LOWELL, Mich. – Willis and Arlene Hatch lived simply but blissfully together for 57 years.
Before they retired, Willis Hatch — known to his friends as "Ish" — worked their 80-acre farm just south of Lowell, and his wife taught at Lowell Middle School.
The married couple went everywhere together: church services, community pancake breakfasts, school plays. They enjoyed taking wintertime trips to Brownsville, Texas, but allowed themselves few luxuries.
"They was normal people, good people," Harry Erickson, 72, told The Grand Rapids Press for a story published Thursday. "And it didn't matter to them if you had one dollar or 10, they'd be your friend."

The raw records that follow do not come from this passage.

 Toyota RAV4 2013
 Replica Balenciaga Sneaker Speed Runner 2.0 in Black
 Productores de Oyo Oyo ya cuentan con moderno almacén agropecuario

An automobile accident killed the Hatches in early November. Now, about 70 of their friends and neighbors are surprised to find themselves a collective $1.6 million richer as the beneficiaries of the late couple's frugalness and generosity.

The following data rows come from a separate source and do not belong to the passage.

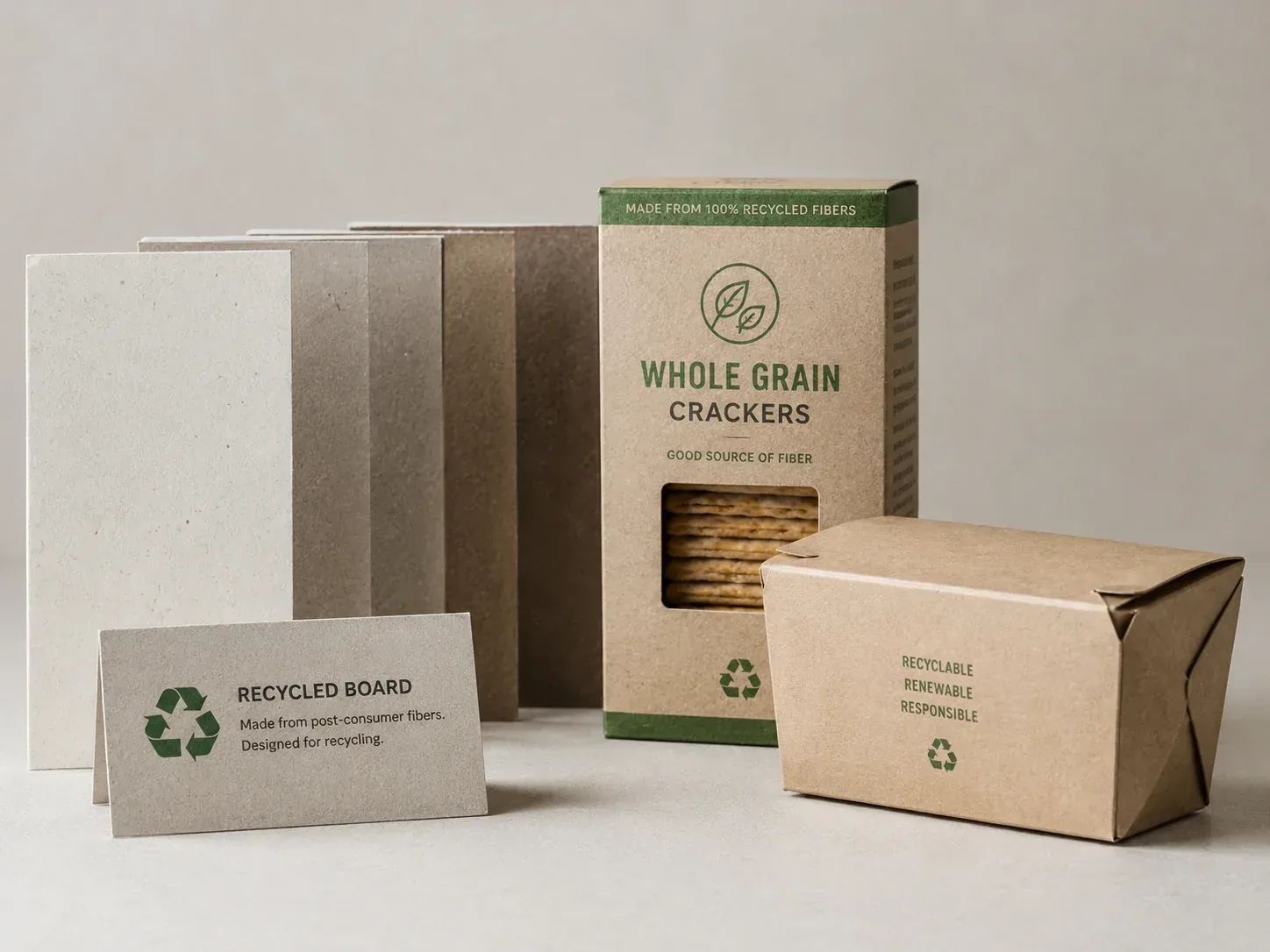 Recycled Board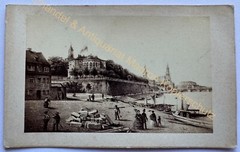 orig. CDV photo lithograph around 1860 Dresden E. Müller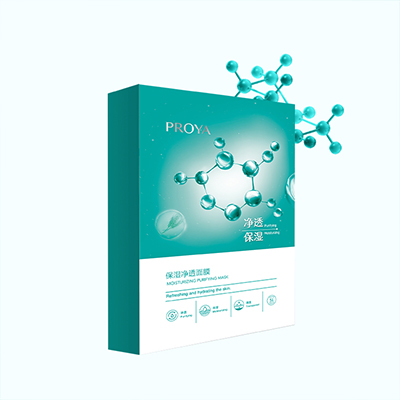 LETOU保湿净透面膜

The recipients, all of whom are from the Lowell-Alto-Clarksville area just east of Grand Rapids, were bequeathed certificates of deposit ranging in value from $5,000 to well more than $100,000. Their estate was valued at $2.9 million and included the CDs, the farm and some stocks.
"Isn't that something?" said Sandra VanWeelden, 72, whose family, including three grown children, received more than $250,000 from the Hatches, who never had children of their own and lived into their early 90s.
Judging by the amount of money they doled out, the couple had many friends, including fellow parishioners at Alto United Methodist Church, where many of the beneficiaries are members.
"We, the whole church, are obviously grateful to them, and grateful to God that he gave them to us," said the Rev. Dean Bailey. Added Bailey's wife, Jan: "They left a lot to the people they'd loved, and I think everybody was surprised."
That included the Baileys, who were notified that the Hatches had left the church about $50,000 toward a building fund trying to raise $800,000 for a new place of worship. Their gift, said the pastor, represents "about a year's worth of our fundraising capability."
The biggest beneficiaries appear to be the VanWeeldens. Sandra and husband Gil, who were longtime friends of the Hatches, received CDs valued at about $120,000. Each of their three children received about $35,000.
Sandra VanWeelden, who used to teach with Arlene Hatch, was one of few people who knew that that Hatches were taking out the joint CDs through the years.
"Arlene had told me," she said. "But I had no idea it was going to be that much money."